Si es que había llegado hasta allí, pensó. Pero no lo dijo.

Arthur miró a su alrededor y continuó andando, como si tuviera miedo de que, si se quedaba quieto un tiempo, alguien le persuadiera de que era hora de abandonar.

Los demás lo siguieron: un grupo de caminantes tristes que seguían a Moisés a través de un horrible desierto. Los pesados pasos de Arthur aplastaban la tierra calcinada que quedaba tras él, como si la castigara por llevarse a su hijo, como si intentara torturar a la roca para que desvelara sus secretos. Y sí, era capaz de ganar esa pequeña batalla, pero, poco a poco, la guerra se estaba perdiendo.

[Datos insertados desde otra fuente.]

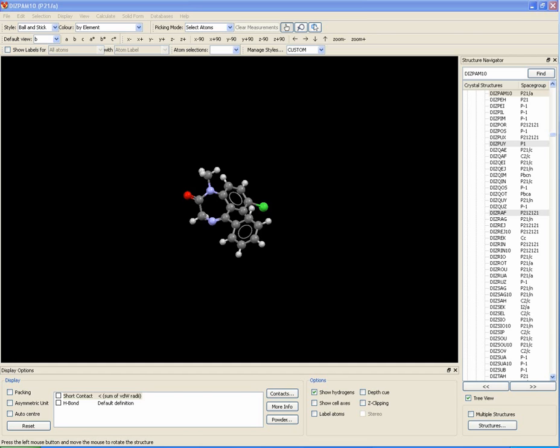Space group settings. This particular example is the crystal structure of an anticonvulsant drug, diazepam.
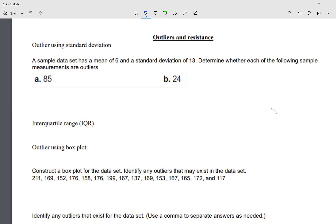We're going to start using standard deviation. The outlier using standard deviation is a point whose residual is more than three standard deviations from the mean. So more than three standard deviations from the mean. You might be like, okay, what does this mean? Let's take a look.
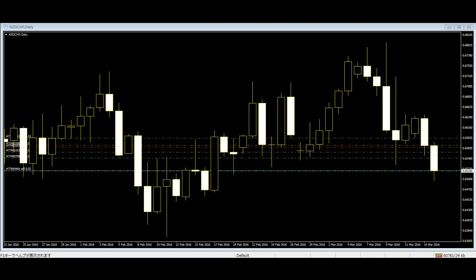There are more than 100 simple and complex patterns available in candlestick charts. The patterns can be either bullish or bearish. The bullish patterns show the buyers overpowering the market, while the bearish patterns show the sellers becoming stronger in the market.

De repente, un grito. Más bien como si alguien hubiera chillado. Chandler sintió esperanza y miedo. Esperanza de que todo hubiese acabado al fin, de que hubiesen encontrado a Martin, aunque solo fuese un cadáver. Entonces llamarían a los helicópteros, que los llevarían lejos de allí al cabo de pocas horas.

Se abrió paso entre unos arbustos y encontró al adolescente de Murray River, con su cara inocente y valiente; en el futuro, aquel chico que quería ser bushman, uno de esos granjeros que viven lejos de la civilización y que trabajan en enormes granjas perdidas en territorios inexplorados. Cuando Chandler le dijo que trabajar como bushman era algo muy difícil y solo apto para gente con muchísima experiencia, el joven le respondió que eso no era nada, que había aprendido a seguir el rastro de las personas en el colegio: cada día, seguía a una persona distinta, y desde la distancia. Y nunca le habían cogido. Chandler no tuvo coraje de explicarle que, tal como lo explicaba, parecía más un acosador que un bushman.

El joven estaba agitándose como un loco. Tenía una sustancia blanquecina pegada por todo el cuerpo. Era obvio lo que había pasado. Se había metido a ciegas en una enorme telaraña y estaba intentando deshacerse de ella antes de que el animal que la había creado se vengase de él.

—¡Quitadme esto! —gritaba, moviendo los brazos y apartando a quienes querían ayudarlo.

—¡Estate quieto! —dijo Chandler, que le arrancó un trozo de pegajosa telaraña.

—¡Se me ha echado encima!

—Y tú querías ser bushman… —dijo Chandler—. Anda, tranquilo.

Lo tranquilizó. No corría peligro. Era la tela de una araña Huntsman, enorme y peluda, pero inofensiva. Un animalillo que sale corriendo a la primera señal de problemas. Enseguida acudió más gente en su ayuda, incluido el hijo de Arthur. El chico se reía mientras agitaba las manos furiosamente para quitar los restos pringosos de telaraña.

Chandler negó con la cabeza: ¿cómo había podido desear encontrar el cuerpo muerto de Martin solo para complacer su egoísmo y volver a casa?